TME 13 | Higher Self
Higher Self: Augmented meditation is a guided meditation but with the addition of color, psychology, and sound therapy.

The business, I think, still exists but hasn’t gone anywhere. A couple of weeks after that, I got a call to come to run Inc. Business Media, which includes Inc. Magazine. I thought, “I have these decades of media experience. I have this entrepreneurial passion. I can get a regular paycheck without the uncertainty of being an entrepreneur. Maybe this is what I should do.”

Once I met the audience, the people we talked to to feature and who were at the event where I met you, I realized that this was the right thing. I’m much better at using those skills that I had or those gifts that I had of storytelling and helping other people tell their stories rather than going out and creating my own all the time.

You fit where you are right now in your life.
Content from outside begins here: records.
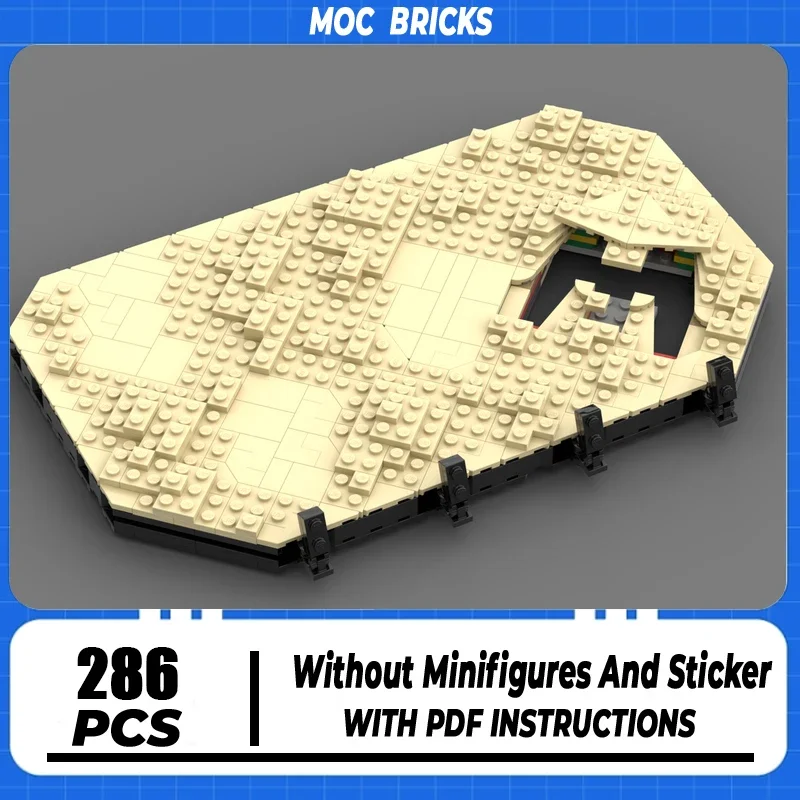

Популярная Звездная Модель Фильма Moc Строительные Кирпичи Модель Базовые Технологии Модульные Блоки Подарки Рождественские Игрушки Наборы DIY Сборка
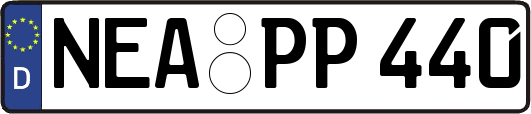 NEA-PP440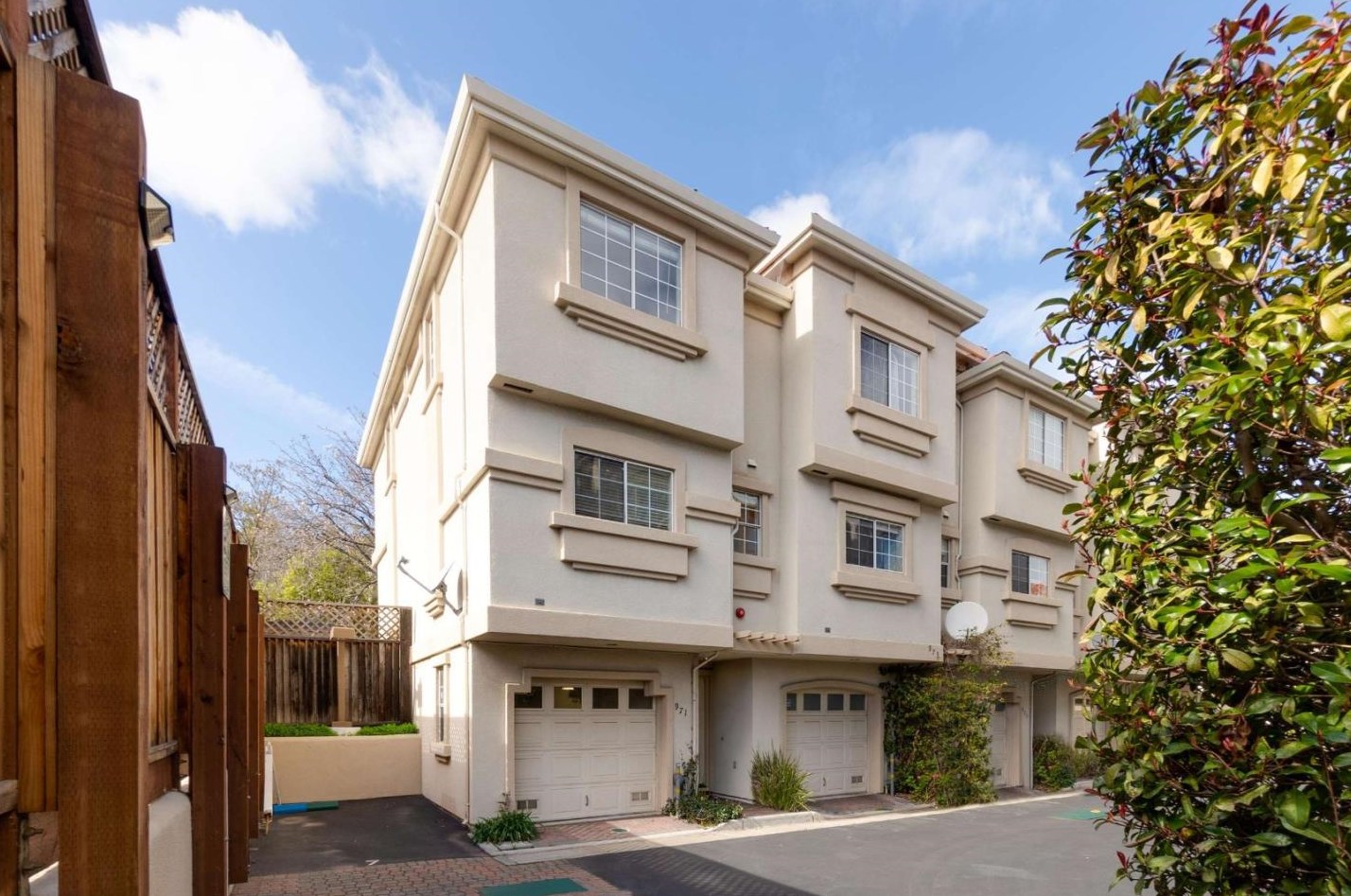 971 Wisteria Terrace, Sunnyvale, CA 94086
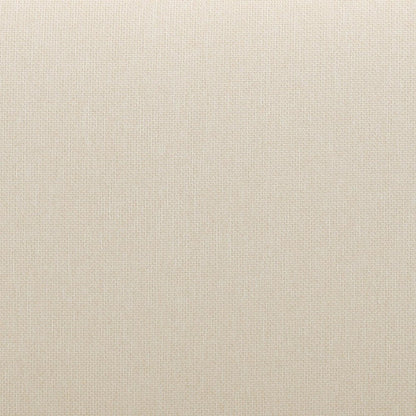 Reavan Cream Outdoor Lounge Chair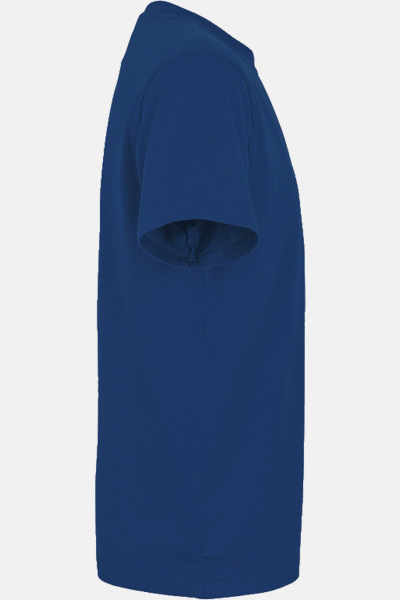 T-Shirt Arlis, gerade geschnitten, Farbe: ultramarineblau, Größe: XXL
From that on, where are you expanding into? You said, “I have a little bit of more comfort. I feel more secure maybe financially or whatever that is. Now I can focus on something that I always wanted to focus on that is even more spiritual,” or what it is for you that is beyond the aspect of business, linear thinking and job relating or career path or even entrepreneurship? You are on this higher path, which is your spiritual path. What is this for you? What does it looks and feels like? What’s the goal, eventually?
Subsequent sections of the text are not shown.